Before I ran my 50k in May, I never really trained or paid attention to strategies or running plans. I sort of followed plans for my two half-marathons, but not really. To follow a specific plan seemed so driven and ambitious. I don’t like to think of myself as an ambitious person (even though, trust me, if I’m passionate about something, I can be doggedly relentless). For the 50k, however, I did train. Not rigidly – I like to say I was more focused rather than disciplined – but I did try to follow a general schedule, paid close attention to advice about heart rate, pace, eating, breathing, etc., and developed a few mantras to guide me when the going got tough. I found that, over time, I began to thoroughly enjoy training for the race goal. It wasn’t the goal so much that made me enjoy it, it simply was the process. My goal was merely the motivator to get me to train. Running the race successfully made me appreciate the training process even more.

Since I finished my race, I’ve been floundering. I am running, of course, but I am not running with the same focus or intensity as I had while preparing for the 50k. I find myself desperately wanting a race to set my sights on so that I can have a purpose to my training.

The race itself, however, is not the purpose. It is just a motivator and a helper.

Does that make sense?

I see a need within myself to race, not because I need it as a purpose to define myself as a runner, or as a purpose because I feel the need to compete, but because I see the value of racing as a helper to what I view as the real purpose of my running: training.

Setting a goal is not the end-all; crossing that finish line is not really what I am about. Developing the strength and fortitude to get out of bed to run, spin, do yoga and strength workouts, and push – that’s what I am about. I am finding that, in order to get the most out of all that, I need a goal to reach for. Why? Because that goal will at least partially dictate how I will train. I can visualize my goal and then visualize how I will go about achieving that goal. I can work to make the visualization reality and, in the process, I can exert myself so that, as I work, I can be transformed.

It’s the transformation that goes on while preparing for a race that is my purpose; not the race itself.

Aha.

A Cardinal Sin

I’ve committed a cardinal sin in race preparation. I…dare I say it…bought a pair of running shoes (sharp intake of breath from the reading audience). And, not only that, I confess – please don’t hate me – I ran in them (even sharper intakes of breath, accompanied by exclamations of intense dismay). I know, I…I was weak!

They were on clearance. Mizuno Nirvana 8s. An avid wearer of Vibram Five Fingers for more than two years, I don’t know what came over me. I was thinking about the advice from people who say, with ultras, it isn’t a bad idea to have a different shoe at the end with a bit of cushioning. Not that I’ll need them for the 50k, I think, but what about a100k? Or a 50 miler?

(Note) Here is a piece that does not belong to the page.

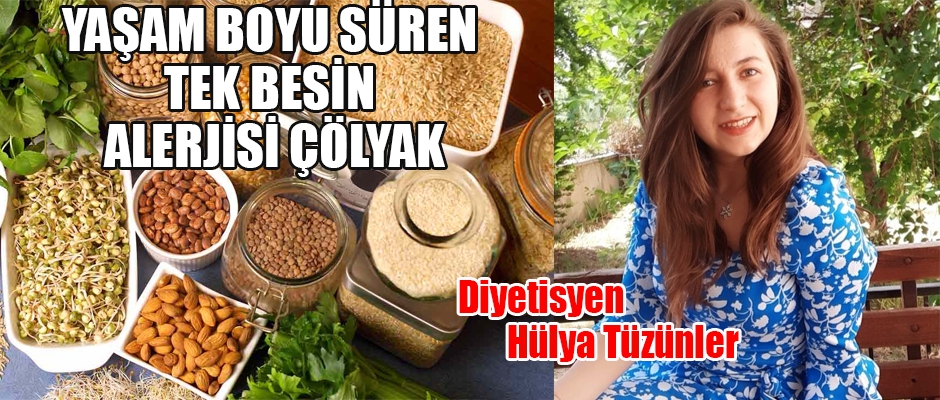 Yaşam Boyu Süren Tek Besin Alerjisi Çölyak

I had to run too. Just a little – enough to stretch my legs out, open up, and move. It felt good. These Nirvanas will never replace my Vibrams or running barefoot – nothing beats that freedom – but I can see training with these and having them for when I’m fatigued and my ankles start to roll in too much. I do like the way the shoe hugs my arch and yet leaves room for my toes. Much better than my Altras, which have left me blistered, and even my Vevos, which (other than the wonderful sock-like insert of the Ultra), have soles so hard I feel like I’m wearing cleats.

We all have our weak moments. Today was mine. Please forgive me!

(Shhhhh – I think I’m going to run again. Don’t tell the taper police. It just…feels good, you know? Under 6, I promise!)